Floating is an art and can still be a good choice in certain situations. However, with the introduction of newer products and methods, the need to float has become less and less.

I suppose an exception would be a shower pan. Custom showers are a good money maker and the less restrictions you put on the design, the easier it is to sell those kind of jobs. Offset drains, custom sizes and linear drains are 3 good reasons to never forget how to mix deck mud.


----------



## Hard (Nov 24, 2010)

angus242 said:


> I guess that answer to the question lies in the details of the question.
> 
> What is the scenario you're asking about?
> 
> ...


I was referring to floating walls


----------



## angus242 (Oct 20, 2007)

I am not good at floating walls. Therefore, it would not be an option for me. There are plenty of other materials that can fit the bill.


----------



## Aaron Tritt (Feb 4, 2011)

Floating walls is a fine way of doing things. If you ever have tried to remove a tile wall properly built in that fashion you will know for sure...

I don't do it because there are other ways to make a comprable installation. Also if you are trying to manage people, mud walls are more technically challenging, so there is a little more risk and a shorter labor pool there.

I like CBU on walls after I shim the studs properly. Tile goes in well and I have never had a failure with the method.


----------



## JohnFRWhipple (Oct 20, 2009)

Cement Board.
Green EBoard.
Hardi Backer.

Door Skin, Shims and a Power Planner. Fast. True. Plumb and Level. Once installed all joints set with mesh backer and thinset. One tank of an install.


----------



## Hard (Nov 24, 2010)

JohnFRWhipple said:


> Cement Board.
> Green EBoard.
> Hardi Backer.
> 
> Door Skin, Shims and a Power Planner. Fast. True. Plumb and Level. Once installed all joints set with mesh backer and thinset. One tank of an install.


tape and thinset over hardi backer is not waterproof


----------



## angus242 (Oct 20, 2007)

Hard said:


> tape and thinset over hardi backer is not waterproof


Neither is simply floating a wall. 

I'm fairly certain John was just compares apples to apples.

Waterproofing is an entirely different subject.


----------



## jarvis design (May 6, 2008)

Hard said:


> tape and thinset over hardi backer is not waterproof


You didn't post about waterproofing, you posted about floating...walls. John posted some more options, all of which I'm sure, John would waterproof before tiling.

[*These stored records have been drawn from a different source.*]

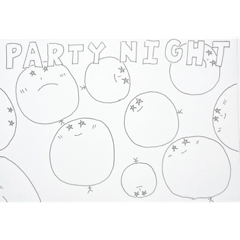 頭の大きな小人スタンプ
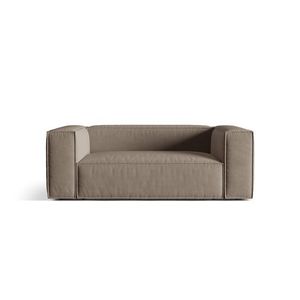 Canapea 2 locuri, Nuria-88, Micadoni Home, 170x110x72 cm, catifea, gri beton imagine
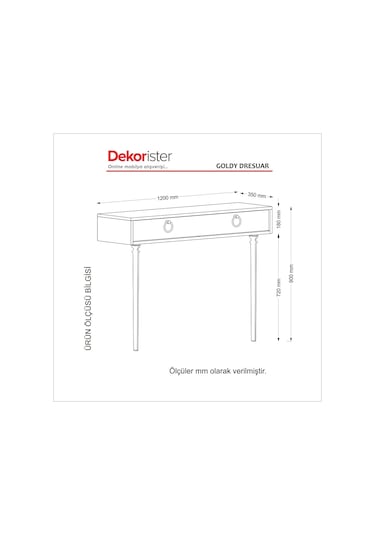 Dekorister Exclusive Goldy Dresuar  Ceviz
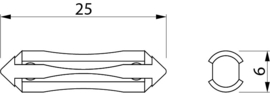 Torpedo | porselijn zekering BMW R2V WIT 8A  OEM 61138760138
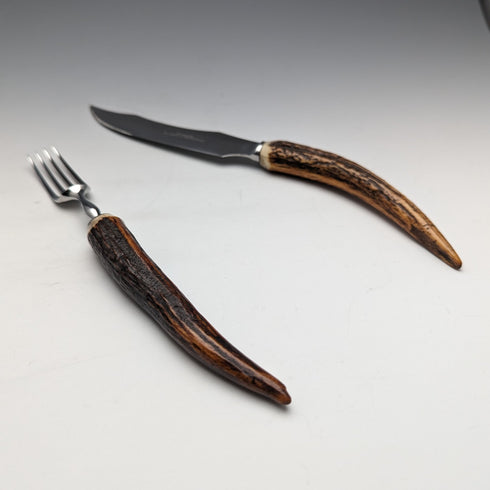 英國復古鹿角柄晚餐餐具 6 對套裝 RF MOSLEY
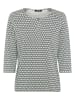 Olsen Longsleeve in Dunkelblau/ Mint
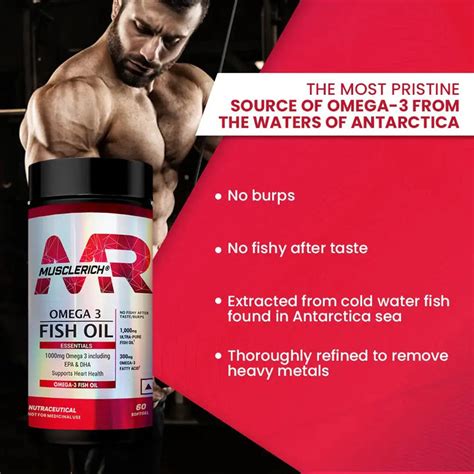 MuscleRich Omega-3 Fish Oil - 1000mg EPA & DHA Softgel – Body Building ...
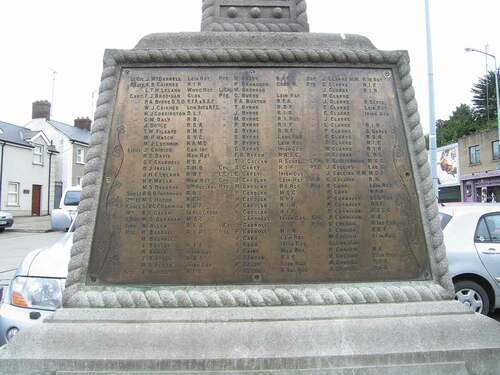 Figure 6. North panel Drogheda war memorial. Courtesy of www.irishwarmemorials.com
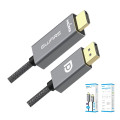 8ware 8W-DPHDMI-1M 1m DisplayPort DP to HDMI Male to Male Adapter Converter Cable Retail Pack 1080P Nylon Braide for Video Card PC Notebook to Monitor Projector TV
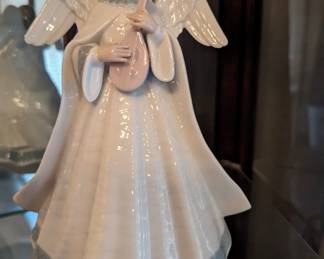 Lladro - Angelic Melody-Angel With Mandolin - Boxed Retired Piece: 1993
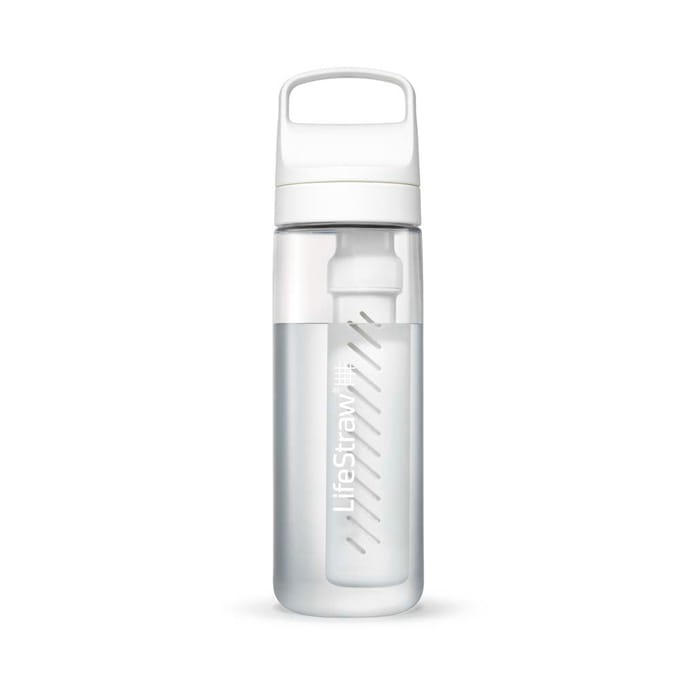 LifeStraw Go 2.0 Water Filter Bottle - 650 ml -  White Clear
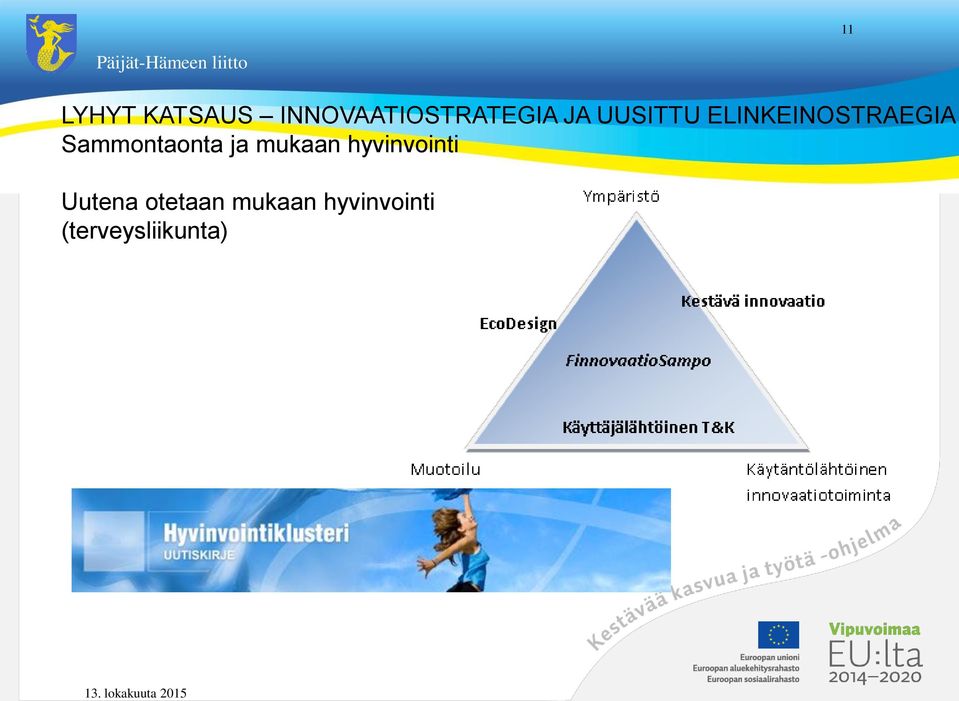 Sammontaonta ja mukaan hyvinvointi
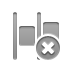 Left, distribute, horizontal, Close Gray icon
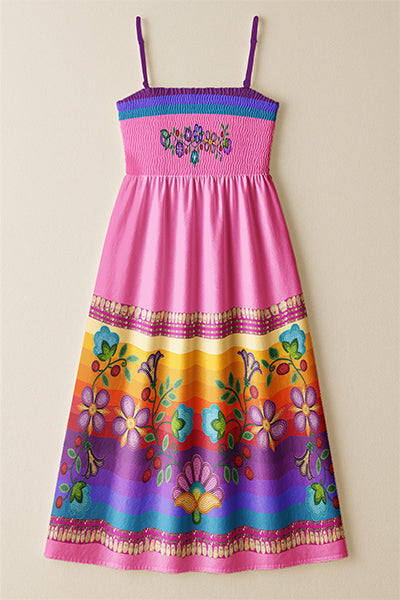 Meadow Radiance Pink 1 Smock Top Dress
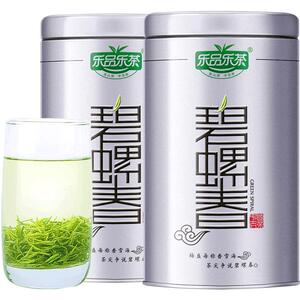 乐品乐茶碧螺春绿茶，苏州特产春茶125g*2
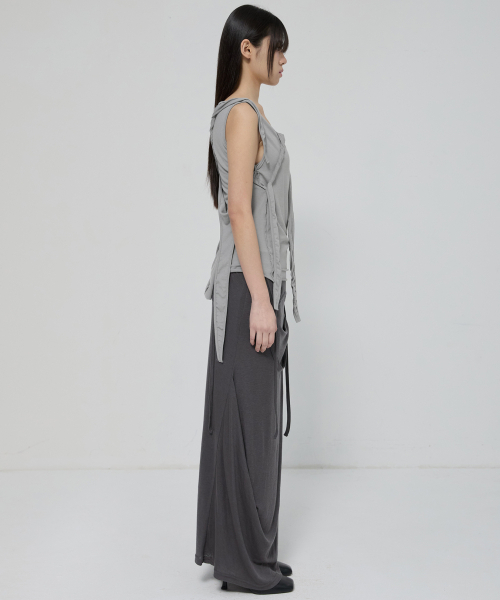 FLAREUP（フレアアップ）の「3-Layered Braided Sleeveless (FL-128_Gray)（Tシャツ/カットソー・レディース・ライトグレー・OS）」の6枚目の写真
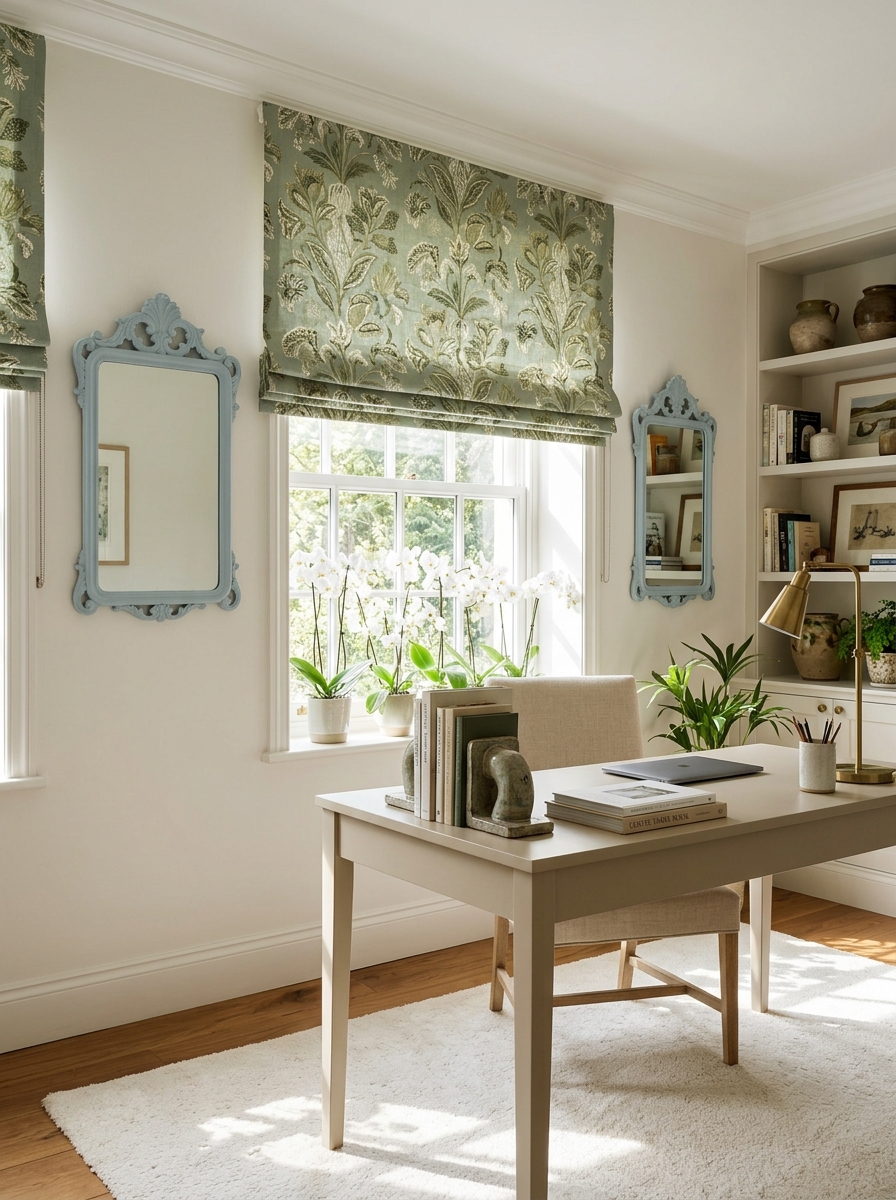 Printed Roman Blinds for Artful Flair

I myself prefer CBU covered with kerdi or hyrdoban, and like John, spend the time needed before boarding to ensure a flat surface to tile on.


----------



## Hard (Nov 24, 2010)

angus242 said:


> Neither is simply floating a wall.
> 
> I'm fairly certain John was just compares apples to apples.
> 
> Waterproofing is an entirely different subject.


when you waterproof the walls behind the mud it is way more water proof than hardi backer and tape with thinset on top


----------



## angus242 (Oct 20, 2007)

Hard said:


> when you waterproof the walls behind the mud it is way more water proof than hardi backer and tape with thinset on top


The proper method to install without a surface-applied membrane is the same between floating or using CBU; water in-water out.


----------



## Aaron Tritt (Feb 4, 2011)

jarvis design said:


> You didn't post about waterproofing, you posted about floating...walls. John posted some more options, all of which I'm sure, John would waterproof before tiling.
> 
> I myself prefer CBU covered with kerdi or hyrdoban, and like John, spend the time needed before boarding to ensure a flat surface to tile on.


Not attacking here just trying to learn, as I use cement before paint on waterproofers, but is there a reason you like to use CBU instead of drywall when using kerdi? Seems to me like a truly waterproof area wouldn't need cement. Peace of mind I guess though.


----------



## angus242 (Oct 20, 2007)

Aaron Tritt said:


> Not attacking here just trying to learn, as I use cement before paint on waterproofers, but is there a reason you like to use CBU instead of drywall when using kerdi? Seems to me like a truly waterproof area wouldn't need cement. Peace of mind I guess though.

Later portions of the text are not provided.